The dividend life cycle

Identifying a company that will potentially pay a dividend is all about finding the “sweet spot,” in which a company shifts from the ‘growth’ to ‘maturity’ stage in its life cycle. The five stages of a company’s life cycle are as follows:

  1. Development - initial equity funds are raised for the start-up and development of the company. These funds are used to purchase property, plant, equipment, raw materials and inventory and to pay staff.
  2. Introduction - the company begins to generate cash flows and these flows are used to pay staff, purchase more raw materials and pay taxes, with, it is hoped, proceeds left over.
  3. Growth - the remaining earnings are re-invested for expansion as raising new capital externally is costly this early on in a firm’s life. This process repeats itself several times until the firm has either maximised its output or saturated the local market.

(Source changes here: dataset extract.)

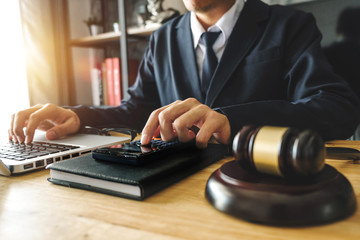 justice and law concept.businessman or lawyer or accountant working on accounts using a calculator...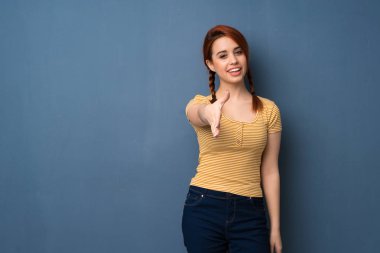 Mavi arka plan iyi bir anlaşma kapanış için el sıkışan genç Kızıl saçlı kadın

  4. Maturity - this is the critical step or the ‘sweet spot’ for the firm. It could use its net earnings to launch a new product or expand to a new region, or perhaps preferably from a shareholder’s perspective, it could begin paying a dividend.
  5. Survival or decline - Firms ideal for income investors will focus on taking their successful product to new regions, funded by raising new capital, while maintaining a progressive dividend. Those who try instead to enter a new product range are less likely to succeed unless there are synergies with the core product.